Sunday, April 29, 2007

There's a train that runs behind our house. Well, behind the woods behind the huge lot behind our house. You can hear it when it drives by. Plus, it likes to toot its horn.

Anyway, it always goes by at 1am. Only I've been wondering lately whether it does any more. I tune it out, and I'm usually asleep at that time.

But I hear it now. It's there. And tooty.

I don't mind trains. Trains come by and then are gone. Cars on the highway, however, are intermittent and just don't stop coming.

(Hello, train. I said you come by and then are gone. You can stop tooting now. Jeez.)

Friday, April 27, 2007


A pile of cinderblocks
The mission: investigate the claim that the Great Pyramid of Giza is roughly 146 meters tall.
The method: In the famous Mythbusters tradition, I will attempt to replicate the feat myself. If I don't succeed within ten minutes, the myth will be busted.

Step one: I'll take the blocks from there and pile them over here.

A cinderblock pyramid
After roughly fifteen minutes of non-stop construction, my pyramid is as big as it's going to get. The time limit has been reached.

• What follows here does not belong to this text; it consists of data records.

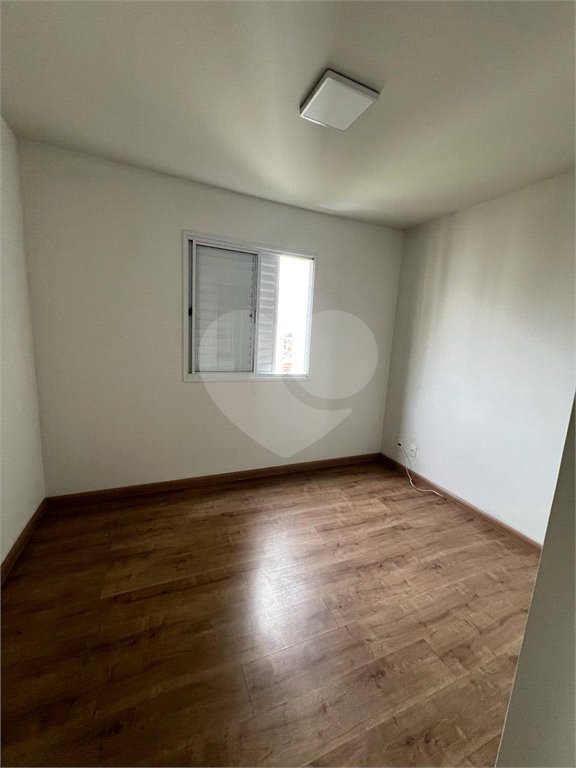 Apartamento à venda com 3 quartos, sendo 1 suíte,  em Parque Reboucas, São Paulo, SP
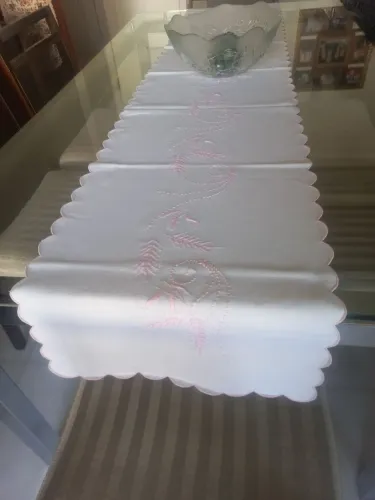 Caminho de mesa em linho com bordados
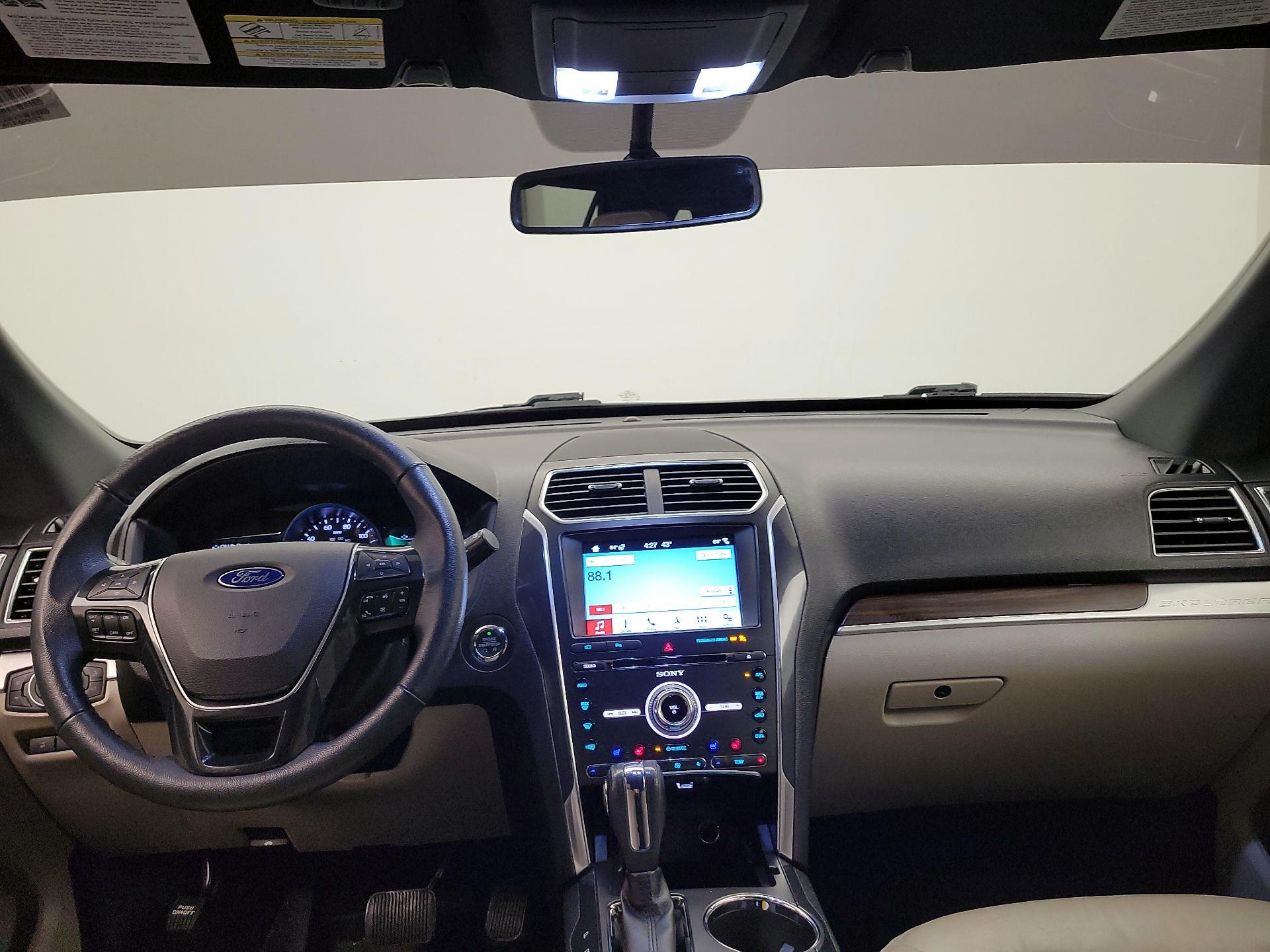 Thumbnail: 2018 Ford Explorer - 9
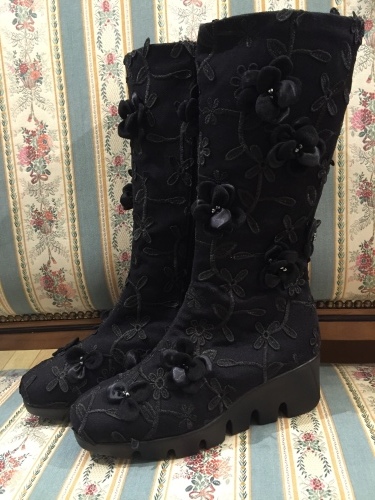 ベルパーチブーツとパンプス&#127381;_e0347687_11565618.jpeg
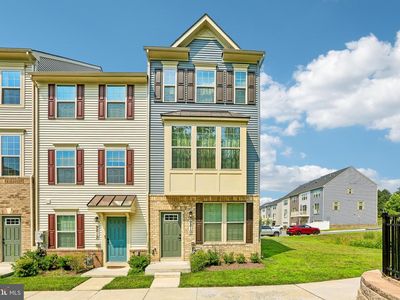 9810 Posterity Ln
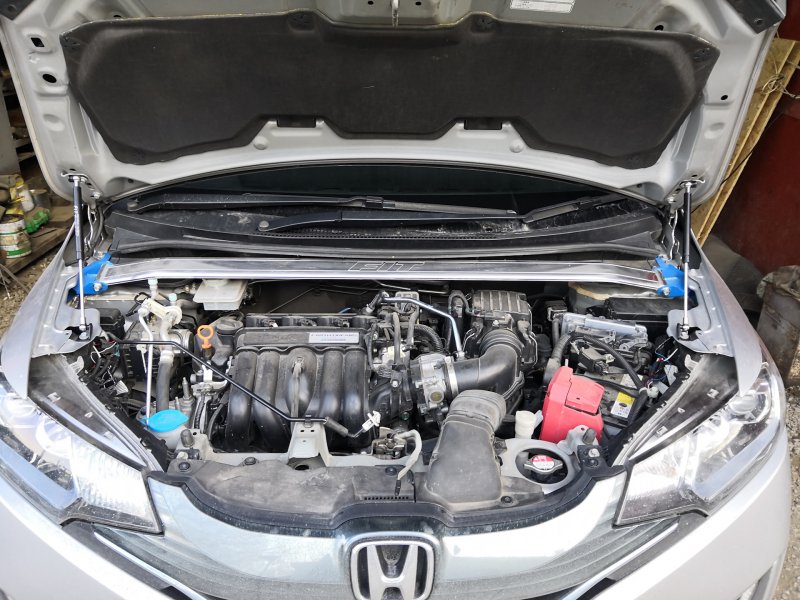 Honda Fit 2008 под капотом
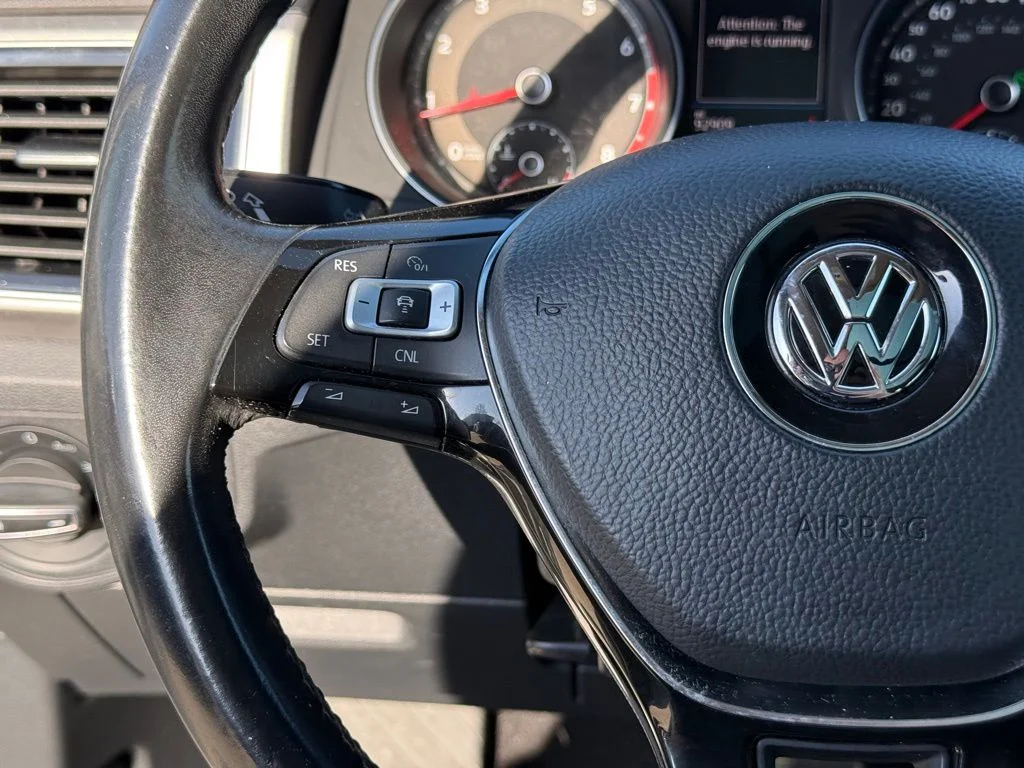 Used 2018 Silver Volkswagen SEL image 15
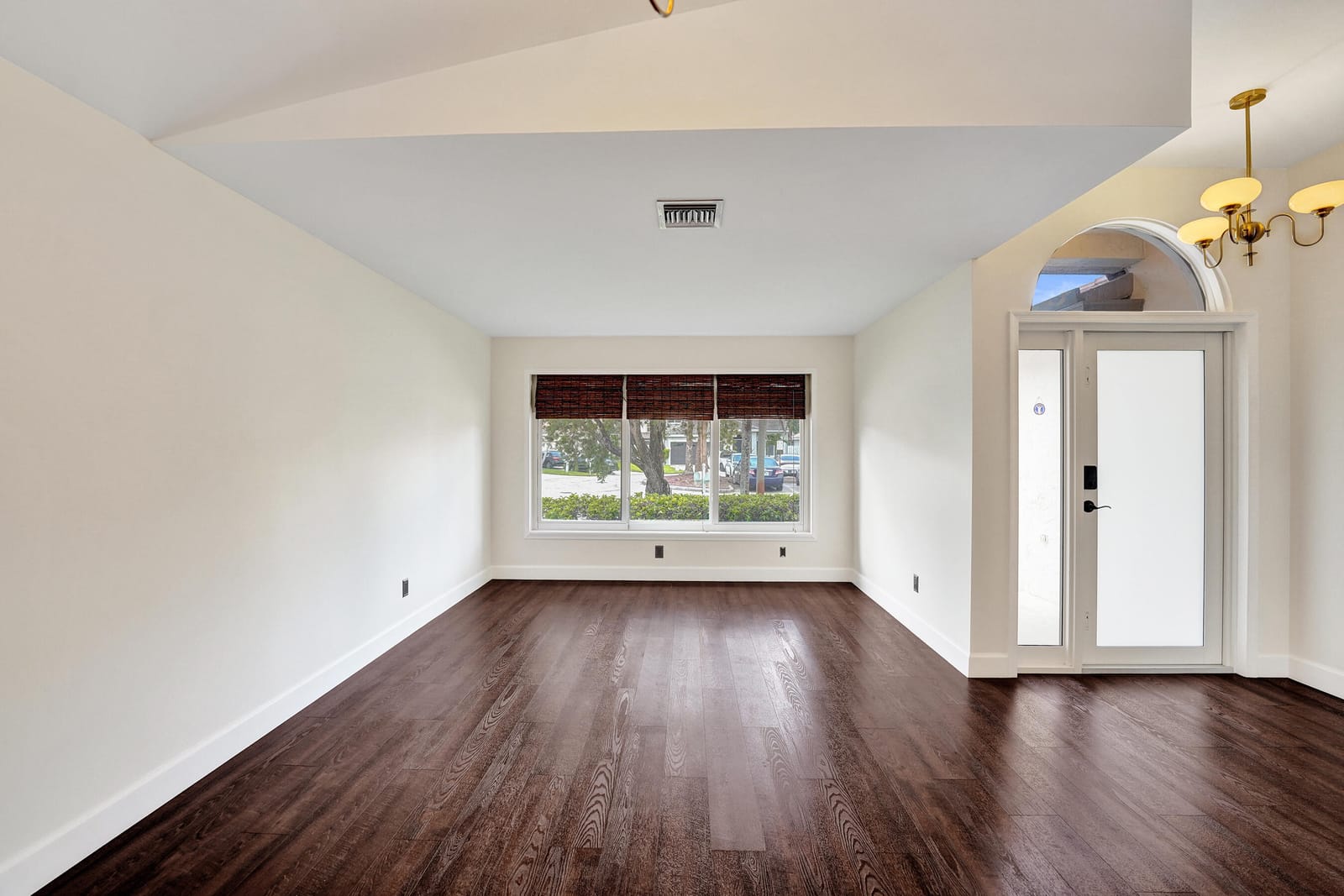 18343 SW 5TH Court, Pembroke Pines, FL 33029 photo 9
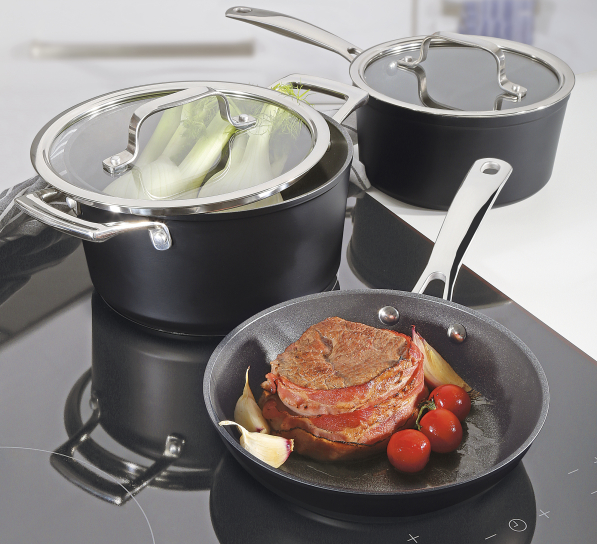 SPRING Meridian Intense Pro - zestaw 3 garnków aluminiowych z pokrywkami i patelnią nieprzywierającą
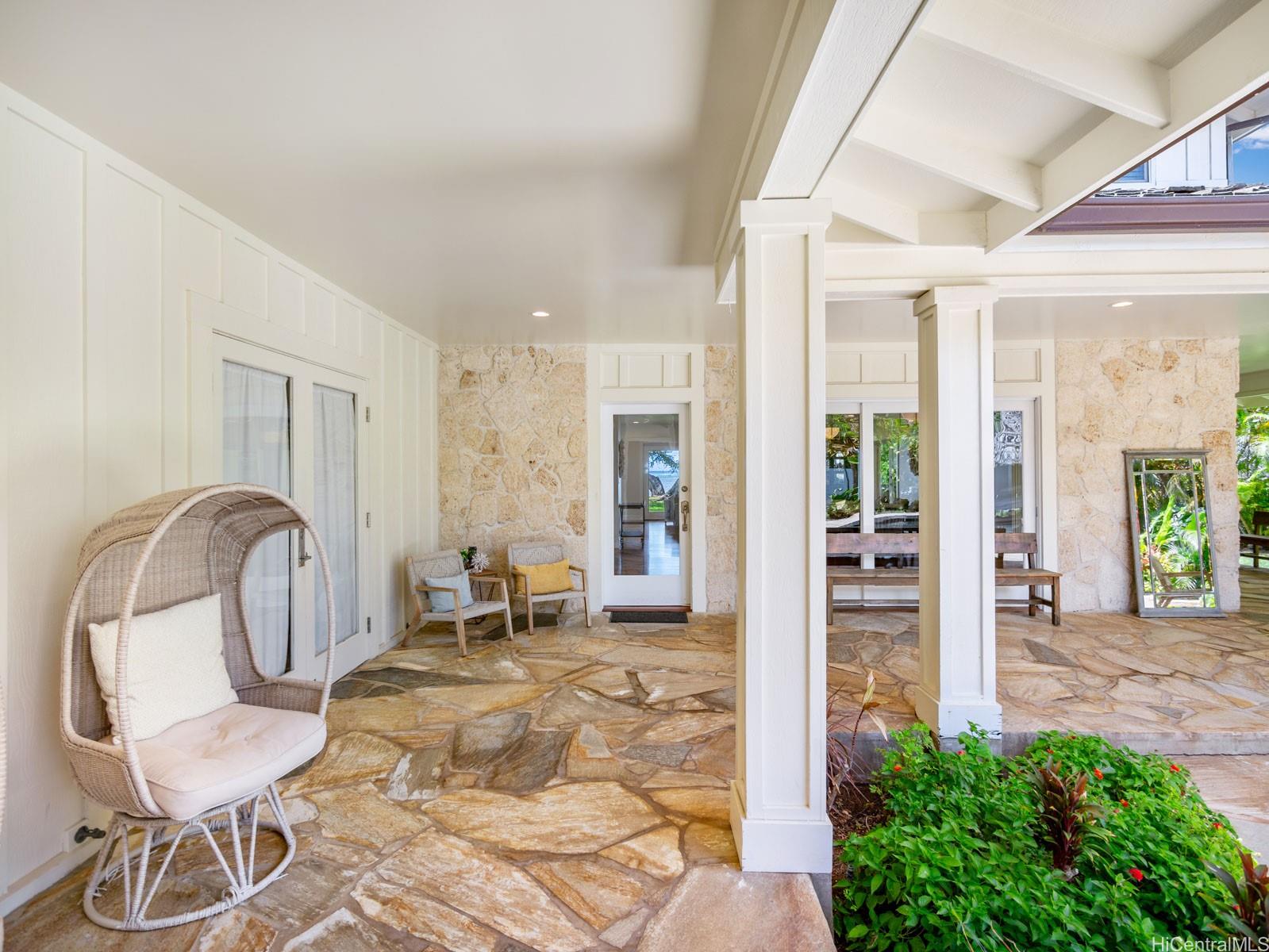 5245  Kalanianaole Hwy Aina Haina Beach, Diamond Head home - photo 6 of 25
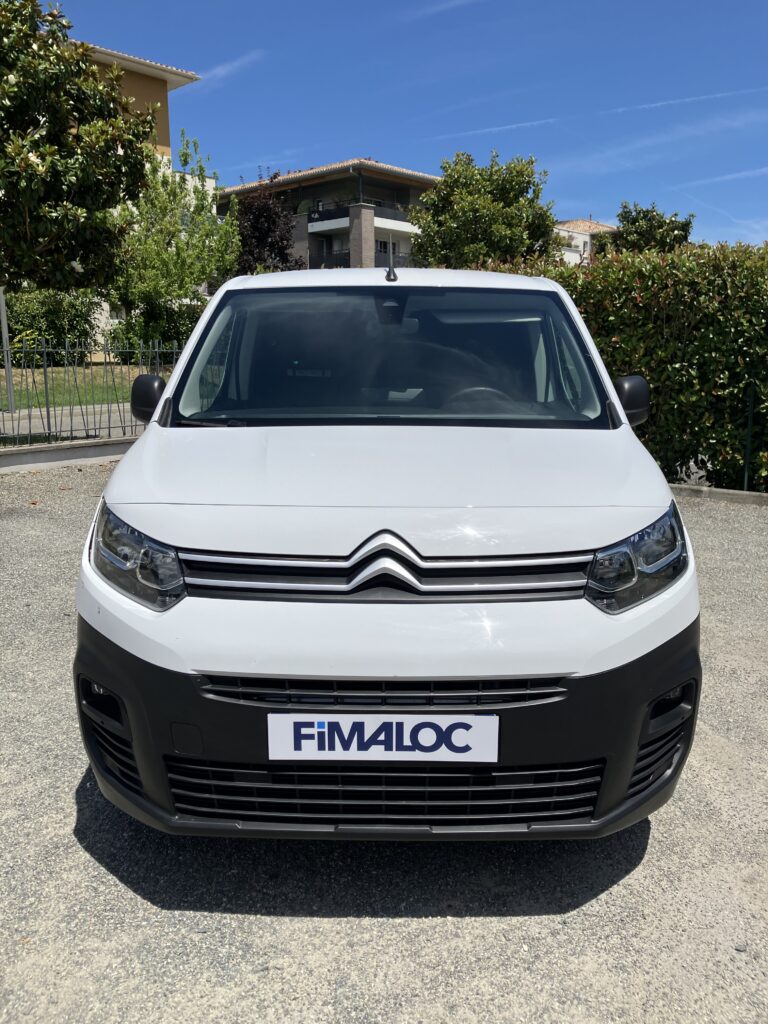 Financez votre Citroën Berlingo avec le leasing FIMALOC pour les professionnels sans bilan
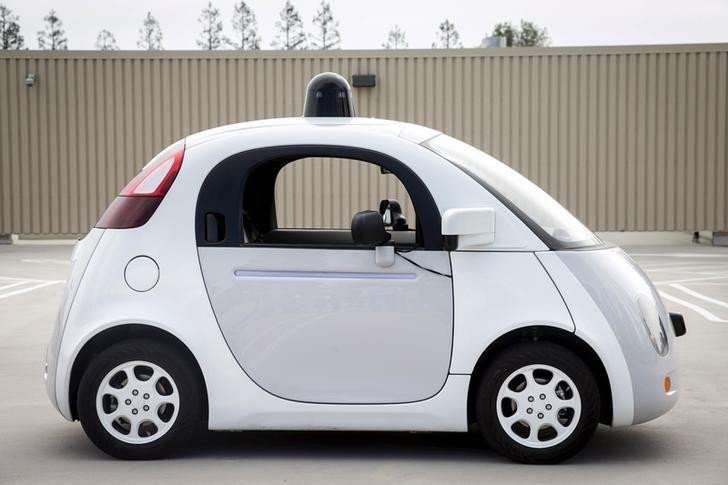 By 2025, Britain will use self-driving cars on public roads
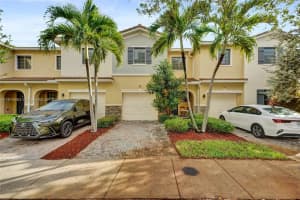 377 Ne 194th Ter Miami, FL 33179 - MLS#A11878963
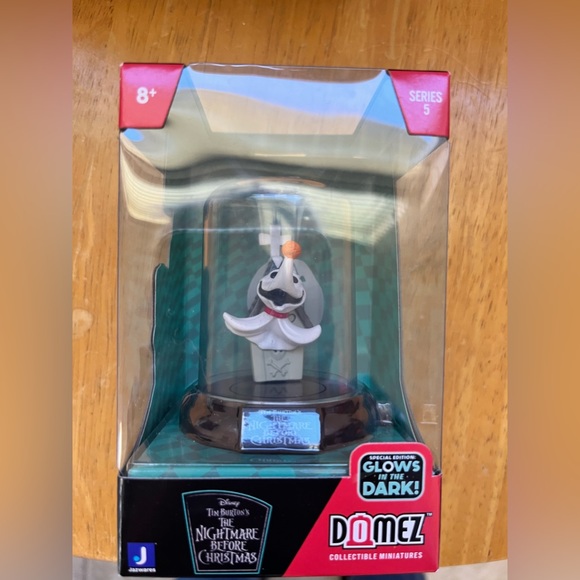 Nightmare Before Christmas Domez Collectible Miniatures Set of 4 - Picture 4 of 5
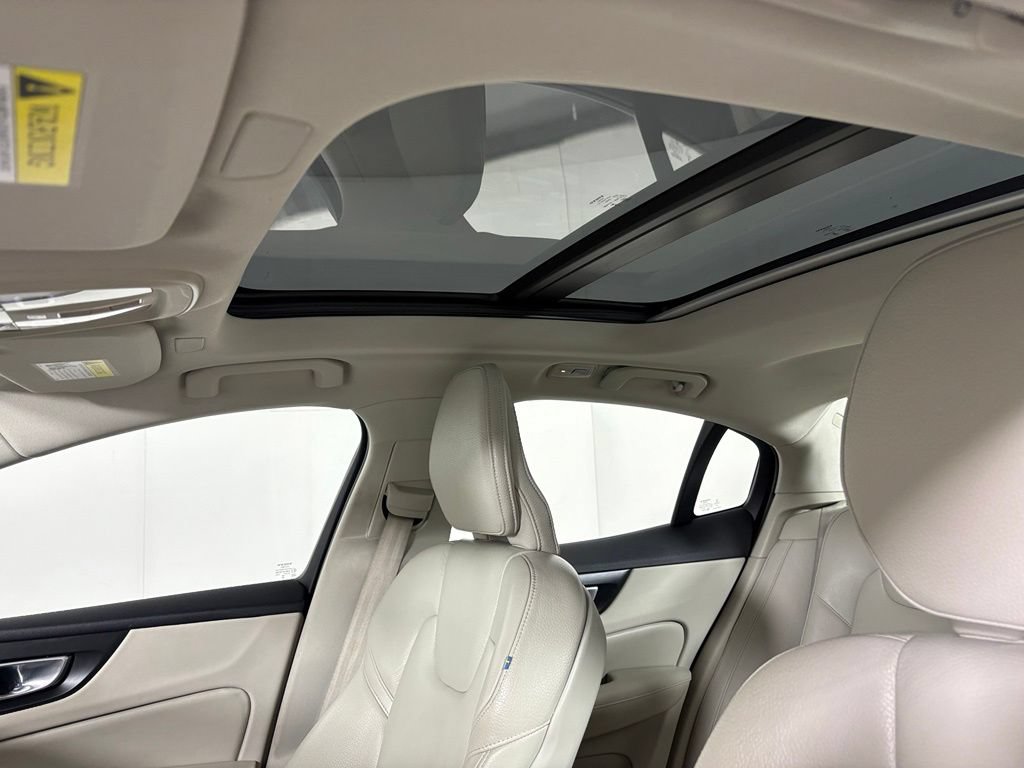Used 2024 Volvo S60 B5 Plus FWD image 36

Luca Masters sitting atop his cinderblock pyramid.
I've never visited Egypt, but I imagine it must be something like this.

Luca Masters next to his cinderblock pyramid.
Alas, after fifteen minutes of construction, the pyramid is not even two meters tall. This proves conclusively that if the Great Pyramid of Giza exists, it's a lot shorter than people claim. Probably just a lie the Egyptian Ministry of Tourism likes to spread.


Wikipedia claims that the Great Pyramid of Giza stood 146.6 meters tall when the Egyptians built it in 2570bce.

Convinced this was a myth, I headed outside and attempted to construct such a pyramid of my own. After over ten minutes of trying, however, my attempt at a perfect replica was still under two meters heigh. Thus, we now have scientific proof that the Great Pyramid of Giza does not exist, or that if it does, it's a lot shorter than they claim.

Another myth busted. Now where's my tv series?